Finalize name and location of UnvalidatedX

sffc commented 1 year ago

Currently we have zerovec::ule::UnvalidatedStr and zerovec::ule::UnvalidatedChar. For a while, we've been meaning to discuss a more final home and name for these types.

There's nothing really zerovec-specific about these types other than zerovec putting their use case more front and center. They are almost as useful for serde as they are for zerovec.

I'm not a huge fan of the "unvalidated" prefix; I would rather we avoid negations.

How about schrodinger::SchrödingerStr? (also re-exported without the diacritic)

Discuss with:

@Manishearth
@robertbastian
@sffc

Optional:

@echeran
@skius

ajtribick commented 1 year ago

I would suggest reading through the "Personal life" section of the Wikipedia article and the references therein before deciding whether to name more stuff after Erwin Schrödinger.

robertbastian commented 1 year ago

I would suggest reading through the "Personal life" section of the Wikipedia article and the references therein before deciding whether to name more stuff after Erwin Schrödinger.

Thanks for pointing this out, TIL 🤢

robertbastian commented 1 year ago

I would have also been opposed to the Schrödinger name on the grounds that it's too clever and requires thinking around three corners or knowing what the crate does already. I'd rather use something straightforward like serde_maybe::MaybeStr, however serde-maybe is already taken unfortunately.

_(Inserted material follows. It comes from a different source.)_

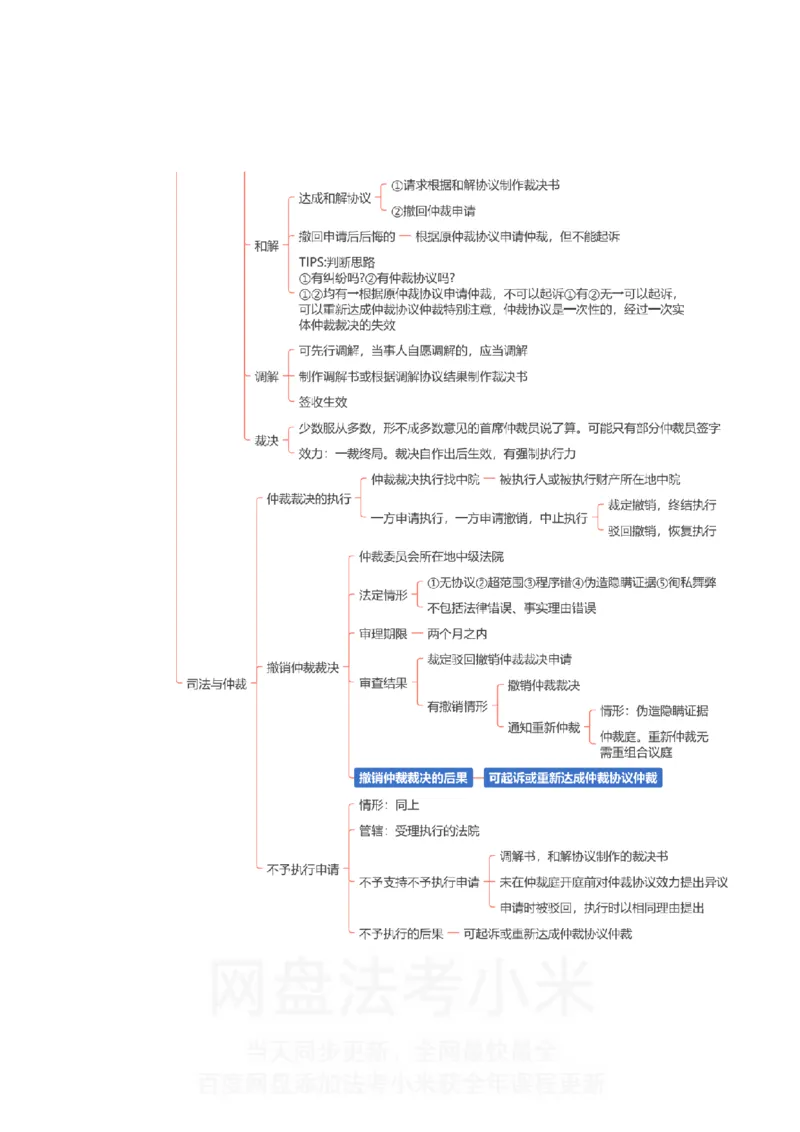 民诉-思维导图_8科思维导图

skius commented 1 year ago

Has removing the layer of abstraction and using the raw bytes underneath directly already been discussed? AIUI, we use UnvalidatedX in cases where we just need something comparable to use as a key in a map, or where the validation cost only needs to be paid conditionally - map.get("my_key".to_raw()) instead of .to_unvalidated() seems fine for the former, and the latter could follow Rust APIs like https://doc.rust-lang.org/stable/std/str/fn.from_utf8.html# ?

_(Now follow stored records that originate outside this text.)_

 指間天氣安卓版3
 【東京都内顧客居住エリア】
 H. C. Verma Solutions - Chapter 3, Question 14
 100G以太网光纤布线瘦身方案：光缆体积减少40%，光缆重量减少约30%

robertbastian commented 1 year ago

Previous discussion and background why we want the extra layer: https://github.com/unicode-org/icu4x/issues/2489

sffc commented 1 year ago

Two main reasons for the abstraction:

We can use serialize_bytes
We can serialize as a string for readability in JSON

sffc commented 1 year ago

The current semantics of UnvalidatedStr are:

Serialization: bytes in binary, string or error in human-readable
Deserialization: bytes in binary, string in human-readable

This is somewhat handy because it means we can rely on an UnvalidatedStr to be the key of a map (or else hit a serializer error). But, another useful semantic for data that is expected to be either string or bytes would be to serialize as a byte sequence in human-readable if the bytes are not ASCII.

sffc commented 1 year ago

A name I've been using on my branch is BytesOrStr (could also be StrOrBytes). In that pattern, just prepend "BytesOr" or append "OrBytes" to the validated type name.

robertbastian commented 1 year ago

BytesOrStr sounds like it's an enum and that having bytes is actually fine, when in fact it's an error/gigo case.

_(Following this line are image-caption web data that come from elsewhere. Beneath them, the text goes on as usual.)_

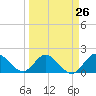 Boy Scout Dock tide chart for Tuesday, March 26, 2024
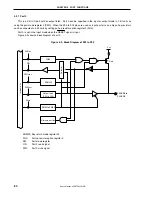 Preview for 80 page of NEC UPD789426 Series User Manual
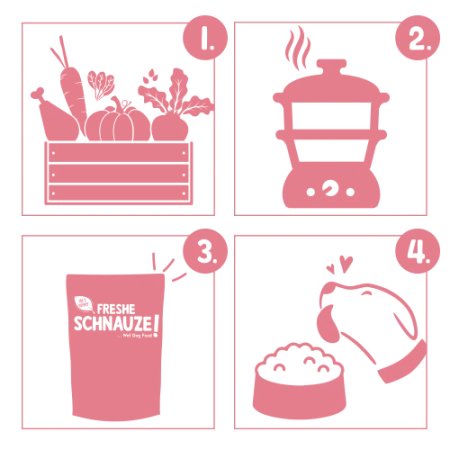 Bosch Freshe Schnauze Wet Food Chicken with rice & carrots 250 g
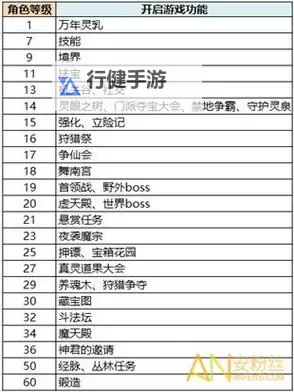 《新斗将魂》新手FAQ图1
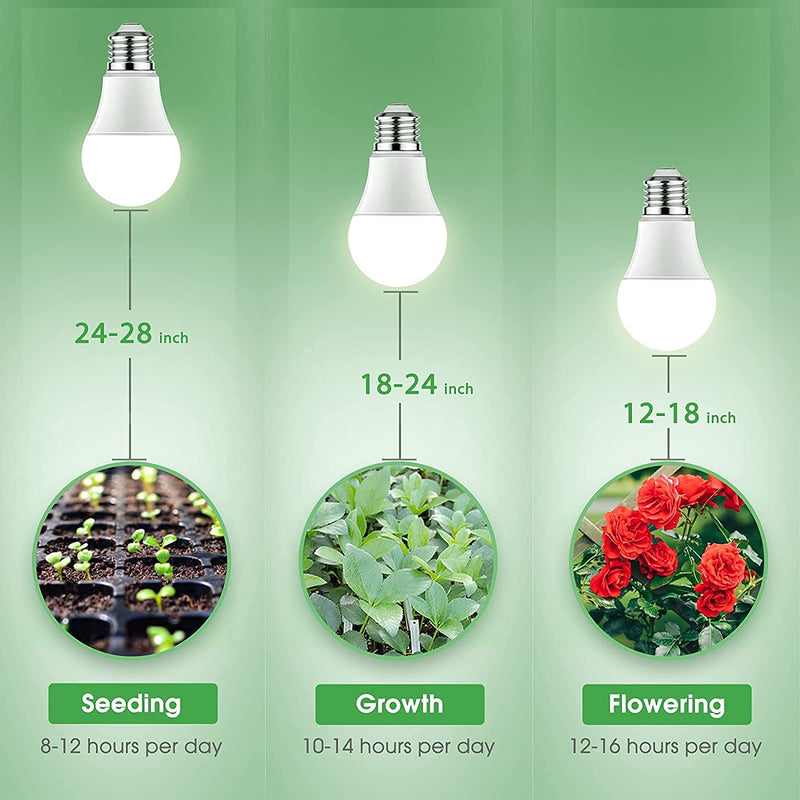 Grow Light Bulbs,A19 Bulb, Full Spectrum,available on amz,10% off code:S8UKDX3J,click buy on amz button below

skius commented 1 year ago

I agree with @robertbastian that the "Or" is too inclusive here. But that does make me think, StrAsBytes/BytesStr?

Otherwise maybe some non-negated antonyms of "trusted": QuestionableStr, ShadyStr?

robertbastian commented 1 year ago

Haha I love ShadyStr. SketchyStr could be another option.

skius commented 1 year ago

My problem with these alternatives is that (imo) they either require more thinking than UnvalidatedStr, e.g., SketchyStr, or they are somewhat ambiguous, e.g., MaybeStr - to me this sounds like the case where the value is not a Str is supported, like the Haskell Maybe (Rust's Option), or is there some precedent for using Maybe to mean Unvalidated?

Manishearth commented 1 year ago

I kinda like the Unvalidated prefix and don't feel bad about the negation. Could be DeferredStr instead (serdefer makes for a cute crate name in that case). Or LaterStr if you want to use a simpler word.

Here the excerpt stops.